Let me guess the pictures in your head. You think of the shores of Lesbos covered in bright orange life jackets. And you think of the woman carrying her kids towards a safer life like some of the Syrian mothers in the picture below. 

Image source:

That is understandable, but you are wrong. Here is her real picture: 

That's the mother in the story - many years later obviously. Her name was Erika and she was my gran - my mother's mother. The little boys were my three uncles. 

So remember where you come from. Remember who build this country you are so comfortably live in now. Take a few minutes and think about what YOU would do to safe your life and the life of your children. And also remember why there was this war that forced my grandmother to leave her home. I was born in Germany several decades after the Nazi regime and I - as the individual person I am - do not feel guilty, BUT I feel that we have a responsibility to make sure that we keep our mindset free from that poison. 

And to those who come with the argument of "These people now have another religion" another anecdote from my family chronicles:
When my parents wanted to get married my other grandmother (roman-catholic) called the priest and claimed she was dying of grief because my dad wanted to marry a "heathen" who would not praise the Saints. My mother was ... gasp ... a Protestant.  It is all a matter of perspective.
I also understand that it was a bit of a different situation because my grandmother was German and she escaped "just" to another part of Germany, but that Germany was bombed to pieces and in a far worse situation to take care for refugees - German or not - than we are now. 

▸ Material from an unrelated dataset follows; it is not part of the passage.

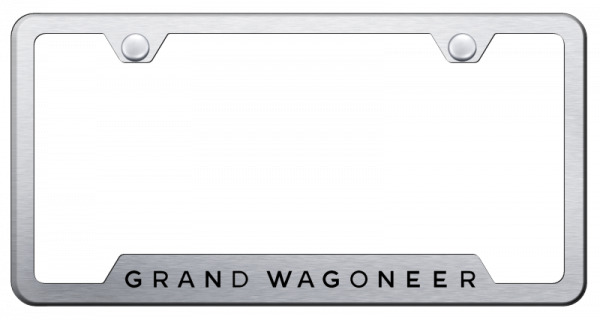 Jeep Grand Wagoneer Brushed Notched License Plate Frame Official Licensed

This is a difficult situation and that is even more true for the refugees than any of us. It is a big challenge on many levels and one of the things that most upsets me is the fact that so many other countries in the European Union pretend to be not in the same responsibility like Germany. That is not how a "Union" works. Calais for example is a place of shame and there are many more.
But just like my grandmother had no other option than leaving everything behind, we have now no other option than remembering what humanity means and act accordingly. And if we want that the at the moment so often quoted "Christian values" are & will be the base of your society we need to live after them - in good days and in bad. 

Soon we celebrate Christmas. Probably a good opportunity to read that story again. You know the one of that man and his pregnant wife who were forced at winter time to leave their home and go on a long and exhausting journey; the one about them not finding any other shelter than a stable when the woman was about to give birth because nobody would let them in; the one about nobody giving a shit about the newborn except for a handful of animals, some shepherds and three wise men from .... oh wait right ... the orient.  

PS: Any hate comments on the blog or social media will be deleted and the sender blocked.